Tipp: Wer vorausplant, kann leckere Gerichte für die Mittagspause vorbereiten, etwa unseren 5-Minuten-Couscous-Salat im Glas .

Genuss? Geht auch regional und saisonal!

Die Dauerverfügbarkeit von pflanzlichen Lebensmitteln belastet die Umwelt: Das Obst und Gemüse legt einen langen Weg zurück. Die Treib- und Lagerhäuser verbrauchen viel Energie. Eine Ernährungsweise, die regionale und saisonale Gegebenheiten missachtet, erhöht die Treibhausgasproduktion.

Der Griff zu saisonal erhältlichem Obst und Gemüse leistet einen aktiven Beitrag zu nachhaltiger Ernährung. Ein Saisonkalender hilft, den Überblick zu behalten. Wer zusätzlich regional einkauft, setzt nicht nur ein Zeichen für kürzere Transportwege, sondern unterstützt auch die lokale Wirtschaft.

Ein weiterer Vorteil: Regionale Früchte schmecken oft besser. Sie konnten voll ausreifen und sind frisch, weil sie keinen langen Transport ertragen mussten.

Übrigens: Wer kein abgefülltes Mineralwasser kaufen möchte, sondern lieber Leitungswasser trinkt, kann sich hier über die Trinkwasserqualität in Deutschland informieren: Trinkwasser - gesund und gut geprüft .

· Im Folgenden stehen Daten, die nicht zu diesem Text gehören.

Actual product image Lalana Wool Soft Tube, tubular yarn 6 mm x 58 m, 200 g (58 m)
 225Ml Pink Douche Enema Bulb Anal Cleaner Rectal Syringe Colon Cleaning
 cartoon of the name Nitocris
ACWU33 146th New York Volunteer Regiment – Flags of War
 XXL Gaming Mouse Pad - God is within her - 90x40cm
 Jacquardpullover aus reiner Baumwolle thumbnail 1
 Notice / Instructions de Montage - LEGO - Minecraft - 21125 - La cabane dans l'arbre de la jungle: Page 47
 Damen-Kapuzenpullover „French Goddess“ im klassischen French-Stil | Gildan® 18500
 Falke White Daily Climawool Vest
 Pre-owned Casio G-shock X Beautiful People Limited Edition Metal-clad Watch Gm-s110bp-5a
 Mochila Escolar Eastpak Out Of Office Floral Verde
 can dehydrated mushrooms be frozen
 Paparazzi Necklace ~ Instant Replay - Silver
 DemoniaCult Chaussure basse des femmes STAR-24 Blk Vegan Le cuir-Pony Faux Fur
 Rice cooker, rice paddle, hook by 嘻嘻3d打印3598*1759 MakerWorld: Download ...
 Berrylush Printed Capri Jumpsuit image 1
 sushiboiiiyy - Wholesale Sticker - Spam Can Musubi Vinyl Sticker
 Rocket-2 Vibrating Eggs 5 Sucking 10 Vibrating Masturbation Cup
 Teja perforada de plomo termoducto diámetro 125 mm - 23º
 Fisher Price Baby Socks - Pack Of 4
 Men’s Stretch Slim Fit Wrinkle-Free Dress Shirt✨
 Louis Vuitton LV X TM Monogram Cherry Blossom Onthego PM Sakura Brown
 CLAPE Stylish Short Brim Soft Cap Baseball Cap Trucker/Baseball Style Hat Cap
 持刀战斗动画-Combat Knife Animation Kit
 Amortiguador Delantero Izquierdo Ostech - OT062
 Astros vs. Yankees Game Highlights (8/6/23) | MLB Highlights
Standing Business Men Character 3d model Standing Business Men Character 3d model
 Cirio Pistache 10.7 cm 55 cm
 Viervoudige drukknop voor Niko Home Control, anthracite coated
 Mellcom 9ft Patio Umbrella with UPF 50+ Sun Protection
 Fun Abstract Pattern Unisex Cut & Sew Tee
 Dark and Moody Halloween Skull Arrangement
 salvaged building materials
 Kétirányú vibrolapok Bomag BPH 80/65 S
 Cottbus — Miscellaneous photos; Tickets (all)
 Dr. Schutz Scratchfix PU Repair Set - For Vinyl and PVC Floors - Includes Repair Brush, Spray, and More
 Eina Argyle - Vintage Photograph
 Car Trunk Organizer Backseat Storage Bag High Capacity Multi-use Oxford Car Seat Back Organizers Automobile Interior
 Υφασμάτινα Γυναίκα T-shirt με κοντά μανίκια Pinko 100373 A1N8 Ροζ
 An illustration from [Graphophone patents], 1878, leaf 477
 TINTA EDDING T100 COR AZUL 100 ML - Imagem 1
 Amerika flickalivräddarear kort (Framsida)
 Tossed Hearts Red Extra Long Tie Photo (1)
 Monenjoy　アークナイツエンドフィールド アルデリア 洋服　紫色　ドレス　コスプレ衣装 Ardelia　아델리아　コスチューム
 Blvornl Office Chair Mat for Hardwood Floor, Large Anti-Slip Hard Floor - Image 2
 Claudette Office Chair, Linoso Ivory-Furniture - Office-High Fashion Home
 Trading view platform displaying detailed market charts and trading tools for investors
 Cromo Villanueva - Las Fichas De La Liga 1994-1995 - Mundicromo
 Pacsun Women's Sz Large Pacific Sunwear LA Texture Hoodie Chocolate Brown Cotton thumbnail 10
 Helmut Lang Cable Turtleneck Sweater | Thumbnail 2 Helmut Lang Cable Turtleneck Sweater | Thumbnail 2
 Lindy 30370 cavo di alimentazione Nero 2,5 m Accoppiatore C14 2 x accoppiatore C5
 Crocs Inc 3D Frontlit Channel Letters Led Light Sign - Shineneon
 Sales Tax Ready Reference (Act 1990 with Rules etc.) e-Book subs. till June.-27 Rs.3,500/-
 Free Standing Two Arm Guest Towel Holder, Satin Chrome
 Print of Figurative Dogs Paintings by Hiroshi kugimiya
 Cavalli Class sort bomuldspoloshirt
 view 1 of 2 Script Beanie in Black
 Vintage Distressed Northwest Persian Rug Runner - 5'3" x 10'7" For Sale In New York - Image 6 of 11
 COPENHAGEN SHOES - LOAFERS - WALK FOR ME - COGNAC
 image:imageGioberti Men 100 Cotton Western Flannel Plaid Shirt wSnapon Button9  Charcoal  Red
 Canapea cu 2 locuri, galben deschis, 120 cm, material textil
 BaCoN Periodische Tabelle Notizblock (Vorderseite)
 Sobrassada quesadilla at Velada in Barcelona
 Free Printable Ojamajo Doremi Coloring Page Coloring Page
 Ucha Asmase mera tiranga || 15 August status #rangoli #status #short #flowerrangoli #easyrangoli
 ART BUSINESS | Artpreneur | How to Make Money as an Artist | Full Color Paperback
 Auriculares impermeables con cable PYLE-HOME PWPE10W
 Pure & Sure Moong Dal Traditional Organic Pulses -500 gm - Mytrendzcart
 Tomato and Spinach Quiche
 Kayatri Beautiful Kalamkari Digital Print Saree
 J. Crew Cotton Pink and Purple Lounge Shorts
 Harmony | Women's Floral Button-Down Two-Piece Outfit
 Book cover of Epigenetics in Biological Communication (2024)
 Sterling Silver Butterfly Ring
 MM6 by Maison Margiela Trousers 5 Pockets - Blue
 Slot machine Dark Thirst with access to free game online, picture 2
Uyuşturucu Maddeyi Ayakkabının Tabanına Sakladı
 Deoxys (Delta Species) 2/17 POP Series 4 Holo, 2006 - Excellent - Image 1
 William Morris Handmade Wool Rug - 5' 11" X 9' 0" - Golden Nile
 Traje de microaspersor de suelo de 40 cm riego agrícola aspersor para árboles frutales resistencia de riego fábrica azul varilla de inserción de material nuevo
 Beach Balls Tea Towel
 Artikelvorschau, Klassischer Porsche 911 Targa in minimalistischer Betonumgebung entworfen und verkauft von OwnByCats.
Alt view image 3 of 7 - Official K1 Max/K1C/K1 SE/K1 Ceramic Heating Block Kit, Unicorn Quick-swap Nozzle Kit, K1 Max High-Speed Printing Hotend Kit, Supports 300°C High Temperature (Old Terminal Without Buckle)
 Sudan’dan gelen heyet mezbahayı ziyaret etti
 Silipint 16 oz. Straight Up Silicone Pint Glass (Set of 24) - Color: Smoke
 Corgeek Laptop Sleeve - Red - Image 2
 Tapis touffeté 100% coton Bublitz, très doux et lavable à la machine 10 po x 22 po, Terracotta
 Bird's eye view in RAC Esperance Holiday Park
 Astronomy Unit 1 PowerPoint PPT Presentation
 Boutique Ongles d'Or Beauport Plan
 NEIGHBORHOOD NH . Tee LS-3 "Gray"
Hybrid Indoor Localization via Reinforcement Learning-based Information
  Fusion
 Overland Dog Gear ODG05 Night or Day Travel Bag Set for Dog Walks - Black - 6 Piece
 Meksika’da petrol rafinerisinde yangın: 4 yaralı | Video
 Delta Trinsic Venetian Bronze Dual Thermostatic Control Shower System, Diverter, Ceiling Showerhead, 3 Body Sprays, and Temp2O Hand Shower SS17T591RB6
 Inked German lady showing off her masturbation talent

Fairness gibt’s nicht nur im Sport - ökologische Qualität

Wer auf dem Weg zu einer nachhaltigeren Ernährung einen Schritt weitergehen möchte, kann zusätzlich auf die Produktionsbedingungen der Lebensmittel achten und öfter zu Produkten mit Fair-Trade- oder Biosiegel greifen.

Ein Beispiel: Bei der Herstellung von Biogemüse kann sich die Umweltbelastung im Vergleich zu herkömmlicher Herstellung um 30 Prozent reduzieren.

Insbesondere die Erzeugung von Konsumartikeln wie Kaffee, Tee oder Kakao geht mit fragwürdigen Lebens- und Arbeitsbedingungen einher.

Faire Preise für Ökolebensmittel sichern nicht nur Existenzen und verbessern Arbeitsbedingungen. Sie schonen auch unsere Natur und ihre begrenzten Ressourcen: Ökologisch arbeitende Landwirte setzen weder synthetische Düngemittel noch Pestizide ein. Das verringert die Belastung der Umwelt durch Treibhausgase und Schadstoffe.